Speculation has been busy in attempting to connect other statues that have been preserved to us with the name of Phidias. The most probable case that has yet been made out concerns two closely similar marble figures in Dresden, one of which is shown in Fig. 119. The head of this statue is missing, but its place has been supplied by a cast of a head in Bologna (Fig. 120), which has been proved to be another copy from the same original. This proof, about which there seems to be no room for question, is due to Professor Furtwangler, [Footnote: “Masterpieces of Greek Sculpture” pages 4 ff.] who argues further that the statue as thus restored is a faithful copy of the Lemnian Athena of Phidias, a bronze work which stood on the Athenian Acropolis. The proof of this depends upon (1) the resemblance in the standing position and in the drapery of this figure to the Athena of the Parthenon, and (2) the fact that Phidias is known to have made a statue of Athena (thought to be the Lemnian Athena) without a helmet on the head— an exceptional, though not wholly unique, representation in sculpture in the round.
If this demonstration be thought insufficient, there cannot, at all events, be much doubt that we have here the copy of an original of about the middle of the fifth century. The style is severely simple, as we ought to expect of a religious work of that period. The virginal face, conceived and wrought with ineffable refinement, is as far removed from sensual charm as from the ecstasy of a Madonna. The goddess does not reveal herself as one who can be “touched with a feeling of our infirmities”; but by the power of her pure, passionless beauty she sways our minds and hearts.
The supreme architectural achievement of the Periclean age was the Parthenon, which crowned the Athenian Acropolis. It appears to have been begun in 447, and was roofed over and perhaps substantially finished by 438. Its sculptures were more extensive than those of any other Greek temple, comprising two pediment-groups, the whole set of metopes of the exterior frieze, ninety-two in number, and a continuous frieze of bas-relief, 522 feet 10 inches in total length, surrounding the cella and its vestibules (cf. Fig. 56). After serving its original purpose for nearly a thousand years, the building was converted into a Christian church and then, in the fifteenth century, into a Mohammedan mosque. In 1687 Athens was besieged by the forces of Venice. The Parthenon was used by the Turks as a powder-magazine, and was consequently made the target for the enemy’s shells. The result was an explosion, which converted the building into a ruin.
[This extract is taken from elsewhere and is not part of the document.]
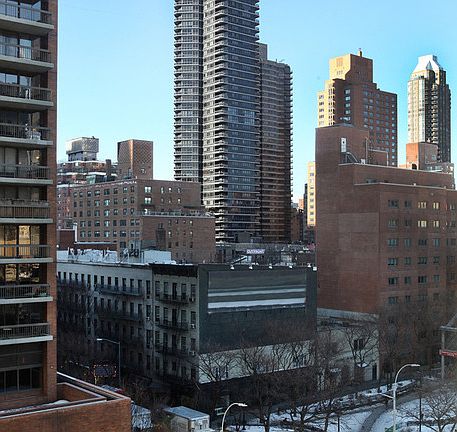 4th image of 300 E 59th St APT 603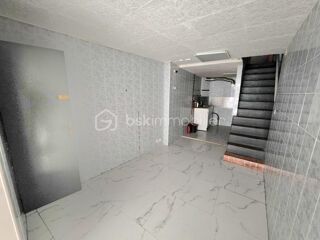  Immeuble à vendre 2 pièces 60 m²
Of the sculptures which escaped from this catastrophe, many small pieces were carried off at the time or subsequently, while other pieces were used as building stone or thrown into the lime-kiln. Most of those which remained down to the beginning of this century were acquired by Lord Elgin, acting under a permission from the Turkish government (1801-3), and in 1816 were bought for the British Museum. The rest are in Athens, either in their original positions on the building, or in the Acropolis Museum.